El sol calentaba tan fuerte en lo más alto del cielo que, incluso en el interior
del coche y con el aire acondicionado puesto, uno sentía cómo las gotas de
sudor resbalaban por su espalda, una a una, empapando una camisa blanca que,
más pronto que tarde, dejaría de serlo.
“Hogar es una palabra que me encanta” se escuchó a través de un micrófono no
mucho después. La voz, la de un amigo de esos de siempre, de los que ves poco
pero con los que has vivido mucho, de los de anécdotas, cerveza, sonrisas y
fiesta; de los que cuando echas la vista atrás aparecen, de repente, en casi
todos tus recuerdos. “Tiene connotaciones y significados que me encantan” –
proseguía él con su discurso de boda - “evoca recuerdos, olores, visiones y
sensaciones que me hacen sentir bien”.
Me dio para pensar, claro, como siempre que una frase se me hace bonita y
alegremente novedosa, sea donde sea que la escuche. Esta vez, frente a aquel
caserón de grandes balcones blanquecinos que recordaba a las de los campos de
algodón norteamericanos y mientras intentaba elegir una foto decente que
adornase alguna red social.
Hogar evoca, como bien decía él, demasiadas cosas y ninguna de ellas es
mala.

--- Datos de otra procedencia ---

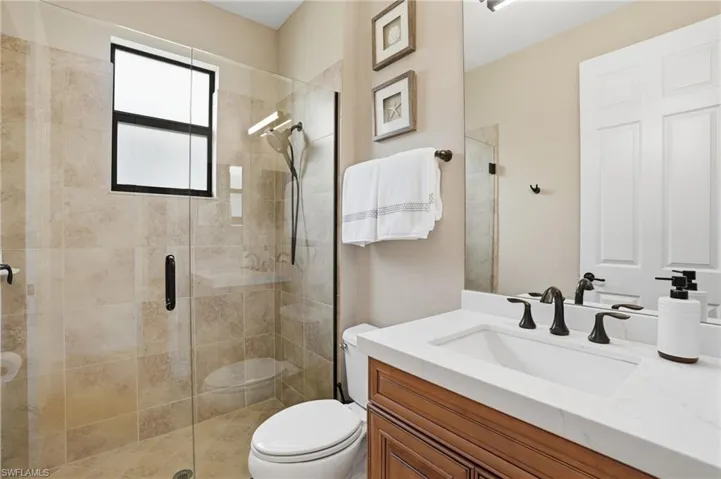 Bathroom featuring a glass-enclosed shower with tile surround, a built-in window, a vanity with a white countertop and integrated sink, and an oil-rubbed bronze faucet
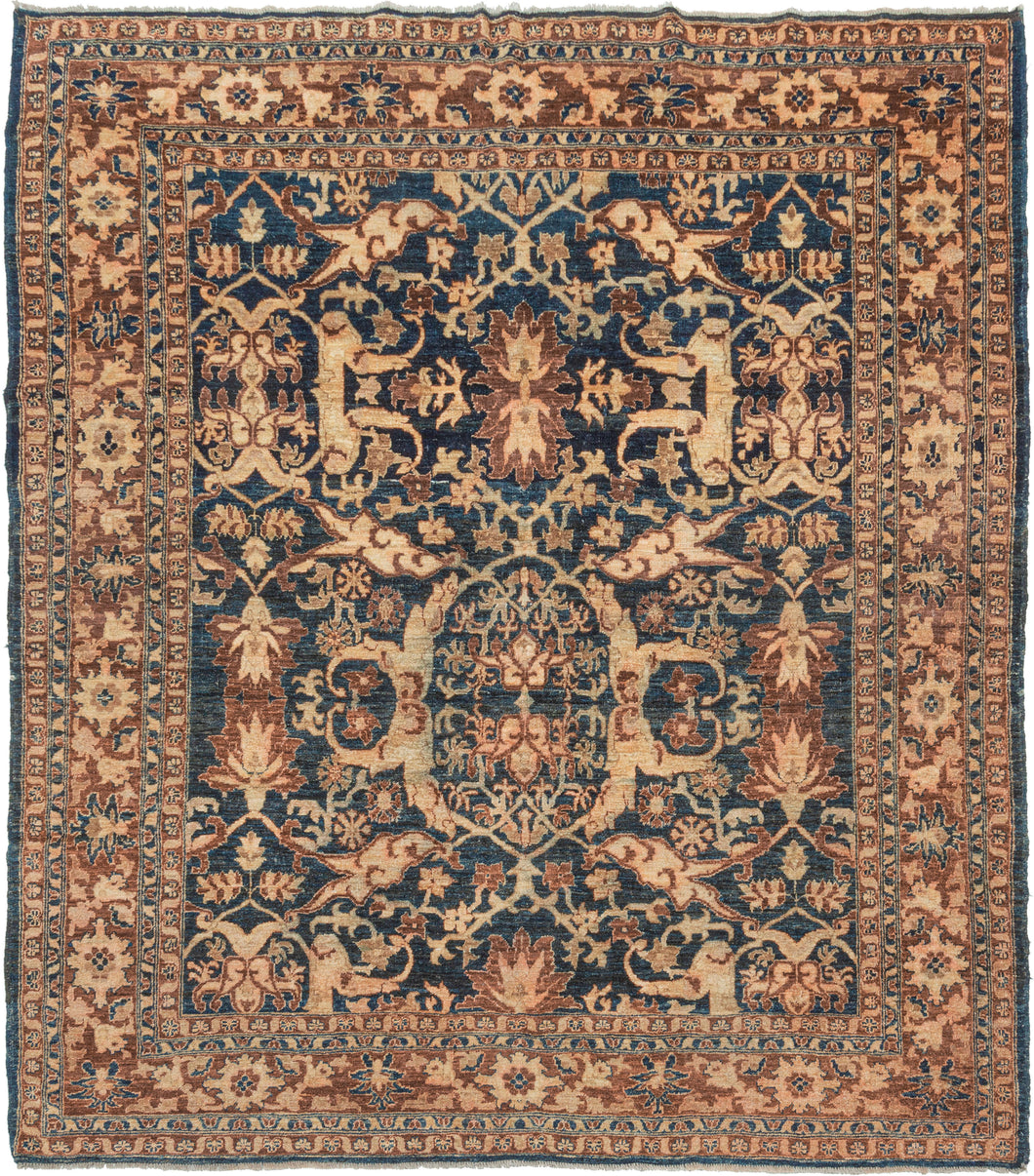 This Contemporary Afghan Mahal eatures an all-over design of curling arabesques and energetic rosettes in creamy khaki and reddish rust dancing on a deep navy ground. The pattern is more commonly associated with mahal rugs of western Iran. The rug has uneven coloring in places but flows with the design.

Es de esas pocas palabras que suenan bien y significan aún mejor, de esas
que te sugieren bonitos futuros y que, por qué no decirlo, te hacen volver a
pasados que casi siempre se antojan más plácidos.

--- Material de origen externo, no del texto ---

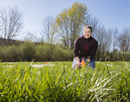 Assistant professor Amber Churchill kneeling in a grassy field with tall vegetation, conducting outdoor agricultural or environmental research. Trees and shrubs are visible in the background under a cloudy sky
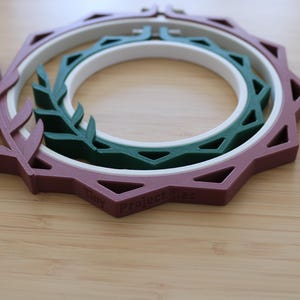 May include: A nested embroidery hoop set featuring a mauve outer frame with a leaf-like design, a white middle ring, and a dark green inner ring with a geometric pattern. The text Tiny Project lies is embossed on the mauve frame's edge.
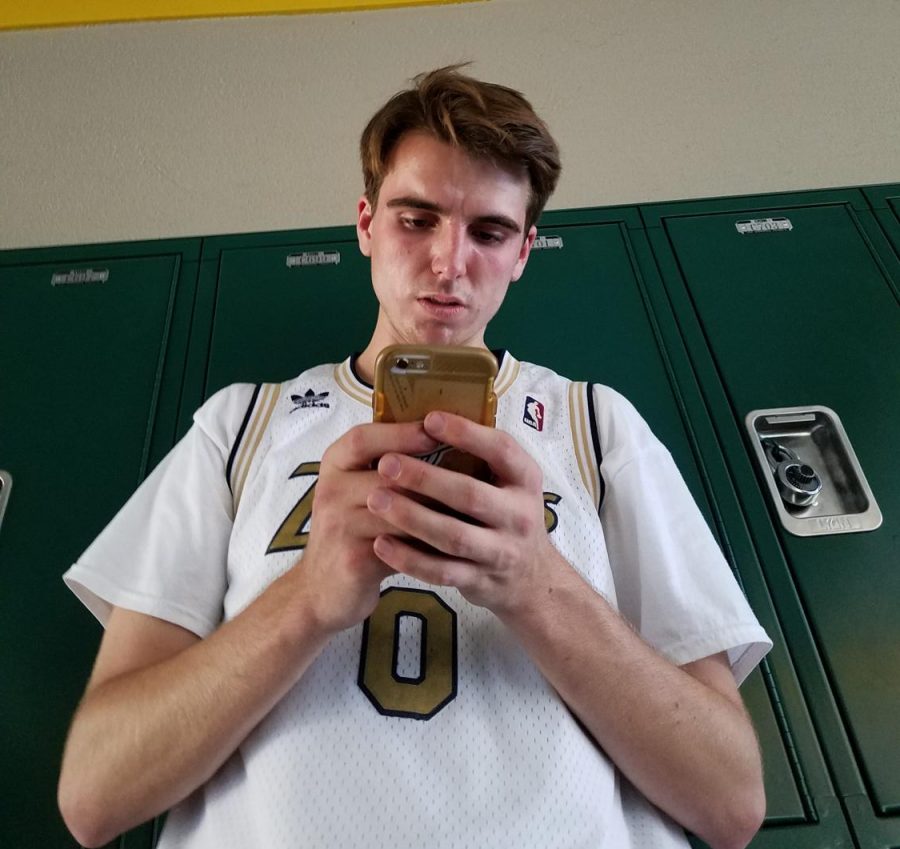 Senior Cade Johnson checking his social media networks during passing period in the hallway.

Hogar. Allá donde los abrazos son sinceros, donde te cobijas de todo lo
malo, donde todo es natural, real, verdadero. El lugar donde eres tú, donde no
tienes que fingir, donde te esperan, si tienes suerte, con un “hola, cariño,
¿Qué tal el día?” y una taza de chocolate caliente si hace fío en la calle.
Hogar. El trocito de vida que creas con la persona a la que le has regalado lo
más importante que tienes: tu corazón. El sitio donde la calma se hace eterna,
donde los problemas se solucionan a grito pelado y, luego, se terminan de
enmendar sudando como animales en el colchón. El oasis donde pacen los
labios que más veces te susurran un ‘te quiero’, la guarida donde todo sabe
mejor, donde te asilas
cuando el mundo te odia, te desprecia o, simplemente, te trata como a uno más. La
colmena que produce la más dulce de las mieles. Allá donde el tiempo se
detiene, donde la confortabilidad es rutina y el sitio al que quieres retornar
siempre que llevas mucho en cualquier otra parte. Hogar. Donde eres importante,
fundamental me atrevería a decir. Junto a quien te quiere a pesar de tus
defectos, junto a esos ojos que, quizá, pasan desapercibidos muchas veces pero
que luego echas tanto de menos que no sabes si volverás a querer igual. Allá
donde dos se hacen uno para luego formar algo mayor que cualquiera por separado.
Hogar. Donde todo es sosiego, libertad, serenidad, paz y confianza; el sitio más maravilloso
que existe en el mundo, el único lugar del universo donde eres realmente tú.
Hogar. La fortaleza que quise erigir contigo, el camino que comenzaba con un
felpudo de Ikea, muebles color caoba y la ilusión de dos niños que se hicieron
mayores demasiado rápido. El recuerdo de aquel turbante, la sensación de que
teníamos el mundo a nuestros pies y el resto del tiempo para querernos mucho y para
querernos bien. Hogar. La remembranza de lo que pudo ser y no será o, peor aún,
de lo que me hubiese encantado que fuera y jamás se dio la oportunidad. Hogar. Donde
te espero aunque estés lejos, donde siempre te esperaré tal y como prometí en
su día. Así que ya sabes dónde estoy y dónde, si quieres, puedes venir a
buscarme si alguna vez te despistas. Sigue las baldosas amarillas, las miguitas
de pan, las flechas doradas o las palabras que todavía están en tu memoria y llegarás, te aseguro
que lo harás. Y allí, en ese preciso momento, en ese lugar, todo volverá a empezar, será como
si nunca te hubieses ido, será el primer ladrillo del que siempre fue nuestro hogar.